Court News News

Court sets date over treason case jurisdiction

PRISCILLA CHIPULU, Lusaka
LUSAKA magistrate David Simusamba has set May 22 as the date for ruling on whether or not to refer the treason case involving United Party for National Development (UPND) president Hakainde Hichilema and five others to the High Court.

And the Lusaka magistrate court has acquitted Hichilema in the case in which he is alleged to have insulted police officers on April 10, 2017.
When the matter came up yesterday, Magistrate Simusamba told the court that ruling in the treason case will be made next week Monday.
Lawyers representing Hichilema and five others have asked the court to ignore the certificate of committal to the High Court arguing it was issued on a bad charge and, therefore, null and void.
The lawyers have also contended that the certificate that was issued by the deputy chief State advocate instead of Director of Public Prosecutions (DPP) Lillian Shawa.
However, the State maintained that the office of the DPP has powers to delegate the roles, and it was not necessary to produce a written submission of such instruction.
“The office of the DPP is established by article 8 of the constitution of the Republic of Zambia as amended.

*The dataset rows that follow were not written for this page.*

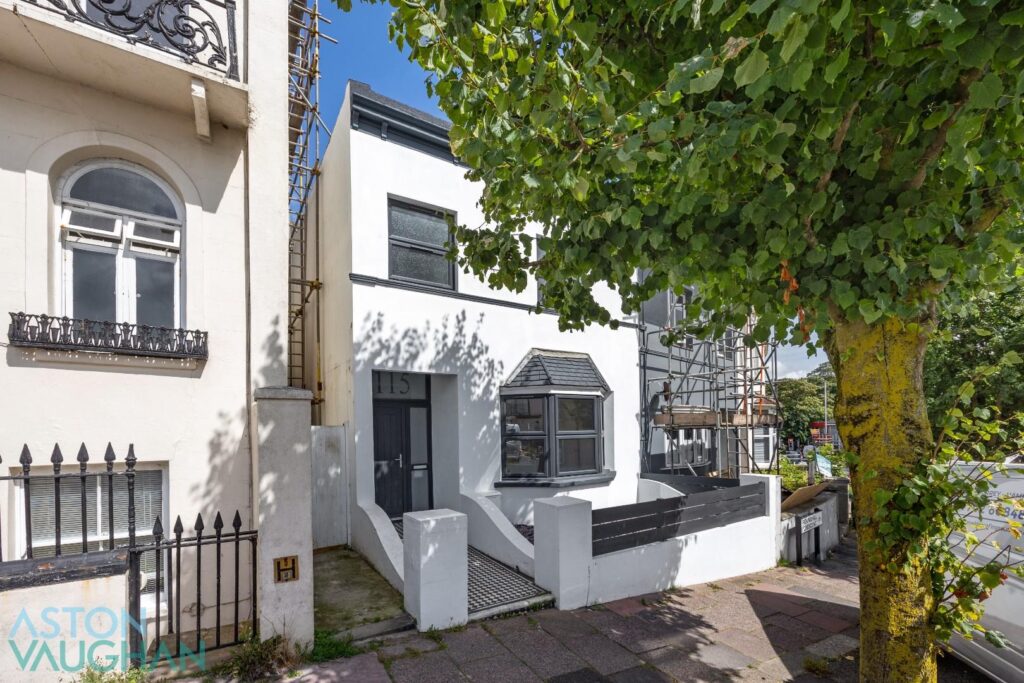 Roundhill Crescent, Brighton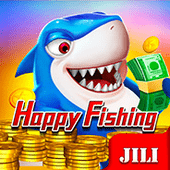 Happy Fishing bigbuny fishing game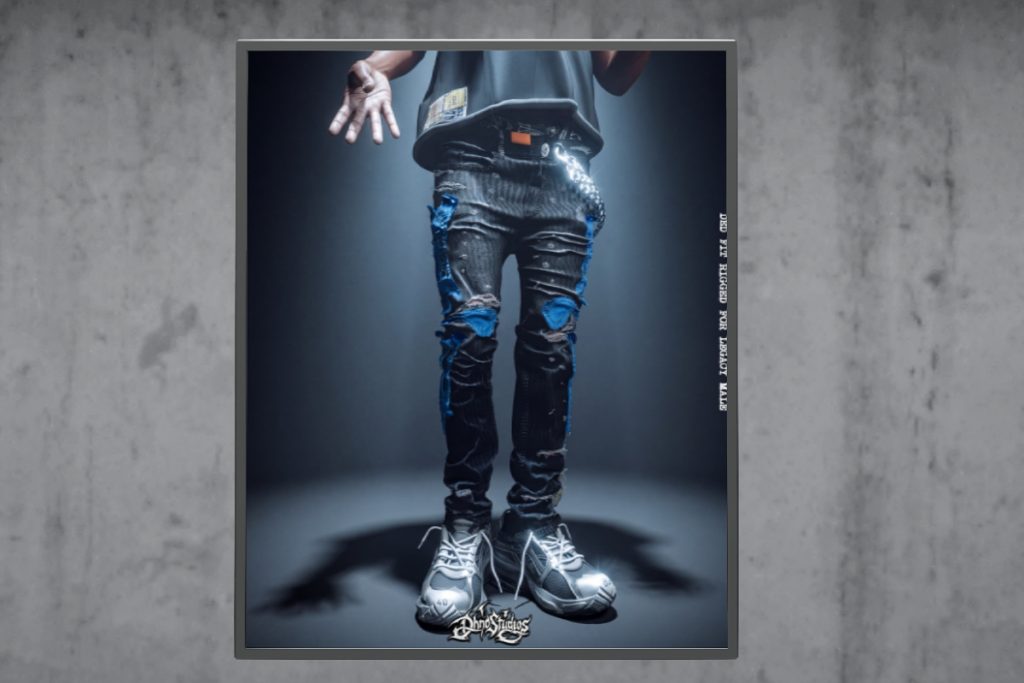 Ded Shirt, Boxers and Pants - Legacy, L$299 each/L$2099 FP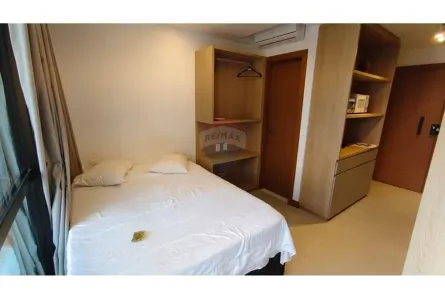 Apartamento com 1 Quarto para alugar, 24m² no Barra, Salvador
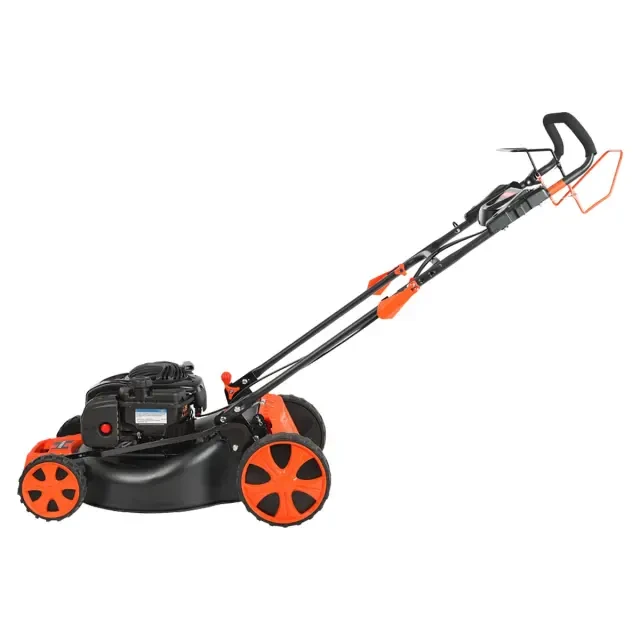 Бензиновая газонокосилка самоходная Patriot PT 47BS Бензиновая газонокосилка самоходная Patriot PT 47BS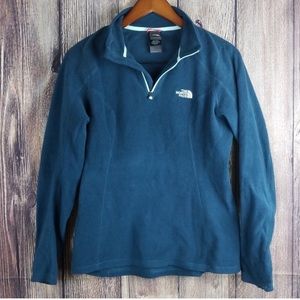 Small north face pullover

Article 180 sub article 8 of the constitution provides that the functions of the DPP may be exercised by any other person authorised by the DPP under general specific instructions,” State prosecutor Bob Mwewa said.
He further submitted that the magistrate court had no authority to hear any matters concerning the treason case because it was no longer before it.
Recently, the DPP instructed that the case in which UPND leader Hakainde Hichilema and five others are charged with treason be committed to the High Court.
And delivering judgement in the case in which Hichilema is alleged to have insulted police officers, magistrate Greenwell Malumani said the prosecution team failed to prove the guilt of the accused in the matter.
“The prosecution failed to prove the guilt of the accused person, and I acquit him accordingly,” he said.
Magistrate Malumani said the behaviour of the police in the matter was undesirable, adding that from the submissions made, it is clear that no investigations were conducted despite the country having a fully-fledged legal system.
He said that the evidence showed that all the four state witnesses exhibited serious contradictions and lack of professionalism, stating that their aim was to destroy evidence in the matter.
Magistrate Malumani said the law is clear on what constitutes insulting language, and that this is supported by many other cases.
Magistrate Malumani also said due to the state witnesses’ failure to show any evidence, police officers failed to prove why they arrested Hichilema, stating that anyone arrested will be treated as a suspect until proven guilty by the courts of law.
He said the law is clear that it is not the duty of police to convict people but take evidence to court which should lead to convictions.
Meanwhile, magistrate David Simusamba yesterday directed police officers who seized properties from the accused persons to release them within 2 hours.
This follows an application by lawyers representing Hichilema and five others asking the court to intervene in a matter in which a Samsung Galaxy S7 phone and two motor vehicles for some accused persons were allegedly seized by police without a seizure notice.